The shared decision-making (SDM) process provides an opportunity to answer frequently asked questions (FAQs). The authors aimed to present a concise list of answers to FAQs to aid in SDM for adult spinal deformity (ASD) surgery.

METHODS

From a prospective, multicenter ASD database, patients enrolled between 2008 and 2016 who underwent fusions of 5 or more levels with a minimum 2-year follow-up were included. All deformity types were included to provide general applicability. The authors compiled a list of FAQs from patients undergoing ASD surgery and used a retrospective analysis to provide answers. All responses are reported as either the means or the proportions reaching the minimal clinically important difference at the 2-year follow-up interval.

RESULTS

Of 689 patients with ASD who were eligible for 2-year follow-up, 521 (76%) had health-related quality-of-life scores available at the time of that follow-up. The mean age at the initial surgery was 58.2 years, and 78% of patients were female. The majority (73%) underwent surgery with a posterior-only approach. The mean number of fused levels was 12.2. Revision surgery accounted for 48% of patients. The authors answered 12 FAQs as follows:

1. Will my pain improve? Back and leg pain will both be reduced by approximately 50%.

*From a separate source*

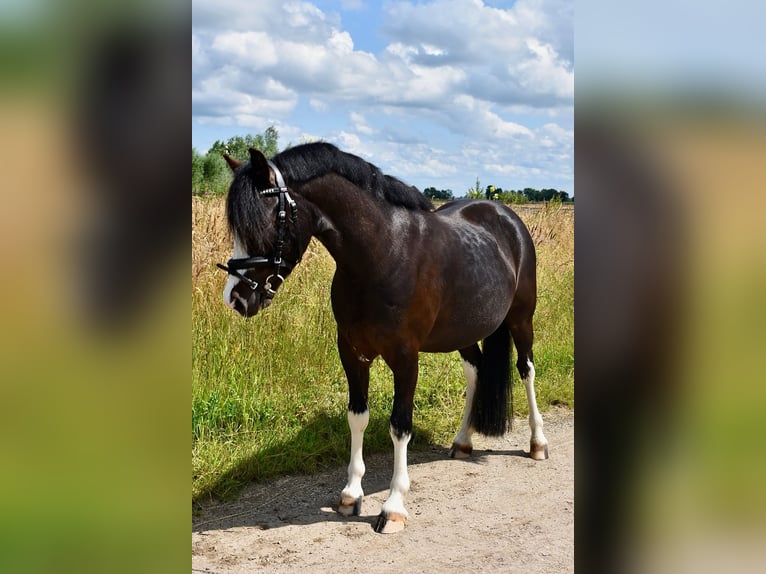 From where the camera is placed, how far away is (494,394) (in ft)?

2. Will my activity level improve? Approximately 65% of patients feel improvement in their activity level.

3. Will I feel better about myself? More than 70% of patients feel improvement in their appearance.

4. Is there a chance I will get worse? 4.1% feel worse at 2 years postoperatively.

5. What is the likelihood I will have a complication? 67.8% will have a major or minor complication, with 47.8% having a major complication.

6. Will I need another surgery? 25.0% will have a reoperation within 2 years.

7. Will I regret having surgery? 6.5% would not choose the same treatment.

8. Will I get a blood transfusion? 73.7% require a blood transfusion.

9. How long will I stay in the hospital? You need to stay 8.1 days on average.

10. Will I have to go to the ICU? 76.0% will have to go to the ICU.

11. Will I be able to return to work? More than 70% will be working at 1 year postoperatively.

12. Will I be taller after surgery? You will be 1.1 cm taller on average.

CONCLUSIONS

The above list provides concise, practical answers to FAQs encountered in the SDM process while counseling patients for ASD surgery.